Approximately, how many section 39 agencies are there?

Mr. Bernard O'Regan

Approximately 2,000.

There are approximately 2,000 section 39 organisations.

Mr. Bernard O'Regan

We do not represent all of them.

Dr. Catherine Day

If I could, I will draw attention to one aspect of the report. Two thousand organisations is a lot of organisations but more than 50% of the funding goes to the top 30.

Yes, I know that.

Dr. Catherine Day

There are some large organisations operating nationally and then there are some tiny ones that receive a small amount of State funding. I wanted to clarify the position.

Presumably the proportion is similar in terms of what the organisations pay for insurance.

Ms Mo Flynn

Yes, undoubtedly the larger organisations are bearing the major cost associated with insurance.

I wish to ask one final question about directors on boards. It is a considerable challenge. As I come from a legal background, I am very much aware of it and I give legal advice to people who sit on boards. What can we do to give support to those who give of their time and leave themselves exposed due to the decisions they make? Given the current structure, what can be done for them?

Dr. Catherine Day

Perhaps I will pick up on that. The underlying problems have to be solved. The risk of being accused of reckless trading will exist as long as there are deficits. We suggested that it would probably be financially worthwhile and useful for the State to fund some kind of small support office for the smaller voluntary organisations to provide training for board members and, perhaps, to support shared services. Insurance is another example of that. Rather than having to deal with multiple individual problems, we could provide a centrally funded service that would help to take some of the burden of administration and personal burden away from the organisations and help to get a more streamlined delivery coming through. That would be one inexpensive but useful way of supporting the boards.

Many people made the point to us that it is becoming increasingly difficult to get people to go on boards because of that problem, which shows that they take their duties responsibly and seriously.

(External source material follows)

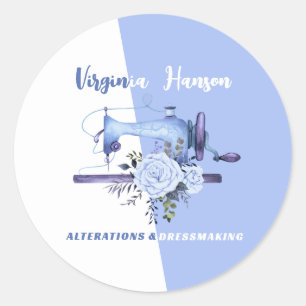 Adesivo Boho Blue Floral Seamstress Machine Tailor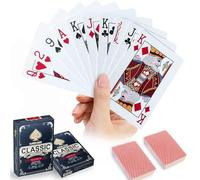 Wugauwor Plastic Waterproof Playing Cards 2 Pack, Red Professional Poker Cards, Deck of Cards, Standard Playing Card Decks for Texas, Go Fish, Hearts, Blackjack, Canasta Fun & Travel Card Games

To solve that problem, we will have to take away the underlying problem, which is that there is a risk of reckless trading because the deficits are mushrooming. They are not being taken into account or even being talked about. Then it will come out some day that there is a funding gap and people will ask how that happened but the warning signs have been there for a long time. It is not a new or sudden problem.

I was going to raise the matter of a break, which I am obligated to do, but it seems that we have come to a conclusion. On behalf of the committee, I thank everyone for attending and for sharing their up-to-date position with regard to their own organisations. I also thank the men and women who provide the services, who are not present, and the people they are helping to try to live their best life and to realise their full potential. They do a job that very often goes unremarked and it should be remarked on every day of the week.

I thank Ms O'Meara, Ms Flynn, Dr. Day, Professor Grimson, Mr. O'Regan, Ms Shakespeare, Ms O'Brien and Ms Keogh.

The joint committee adjourned at 12 noon until 9 a.m. on Wednesday, 26 June 2019.